Pictures must not appear in the copy. Restate exactly the lines below from the one with "Make sure everything" through the one with "Begin by replacing", inclusive.

THE DATA
════
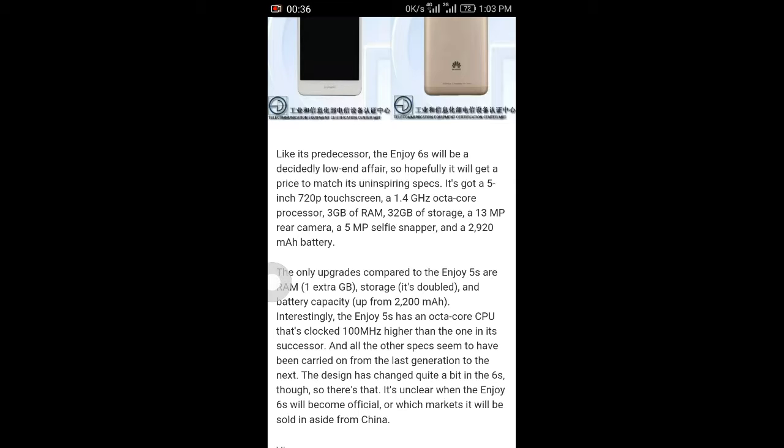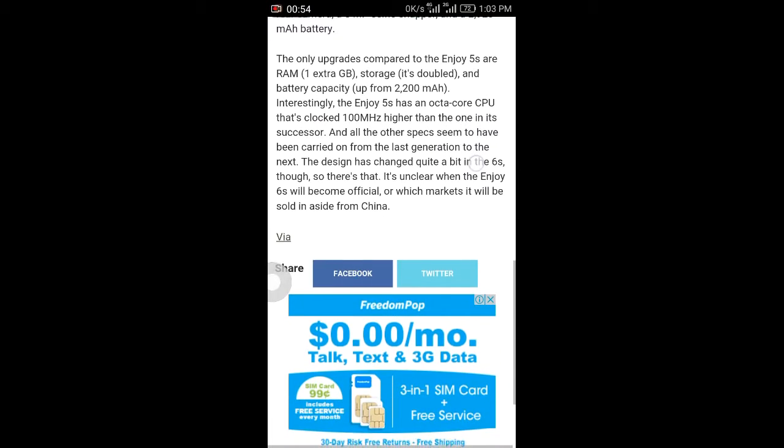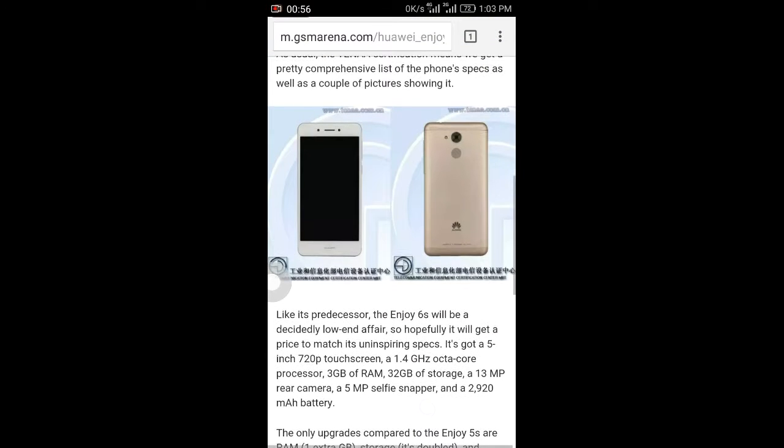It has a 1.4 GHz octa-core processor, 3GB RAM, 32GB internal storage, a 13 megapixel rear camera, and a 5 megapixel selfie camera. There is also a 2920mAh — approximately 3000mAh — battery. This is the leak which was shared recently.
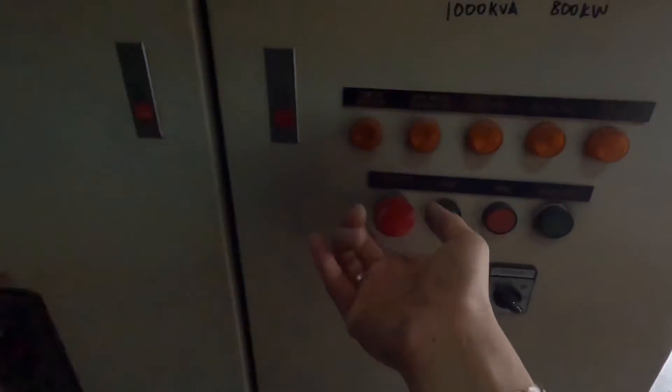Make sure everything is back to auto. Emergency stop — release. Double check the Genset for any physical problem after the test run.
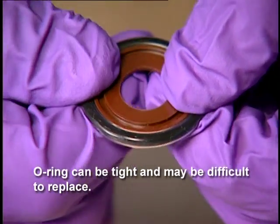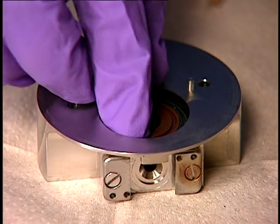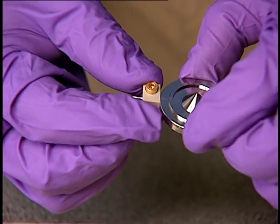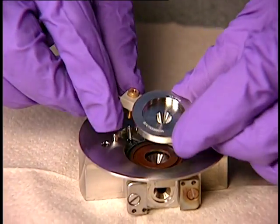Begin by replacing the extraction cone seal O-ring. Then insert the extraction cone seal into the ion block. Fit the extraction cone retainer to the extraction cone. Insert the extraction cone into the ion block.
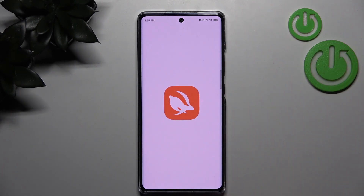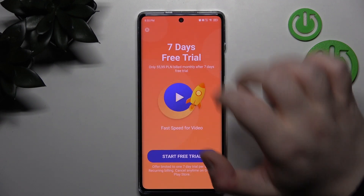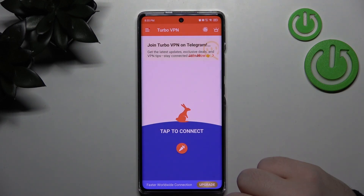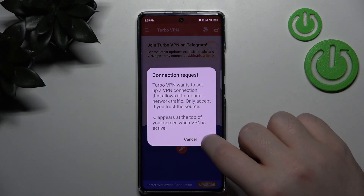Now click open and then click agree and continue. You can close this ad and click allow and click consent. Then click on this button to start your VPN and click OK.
════
YOUR SOLUTION
Make sure everything is back to auto. Emergency stop — release. Double check the Genset for any physical problem after the test run.
Begin by replacing the extraction cone seal O-ring. Then insert the extraction cone seal into the ion block. Fit the extraction cone retainer to the extraction cone. Insert the extraction cone into the ion block.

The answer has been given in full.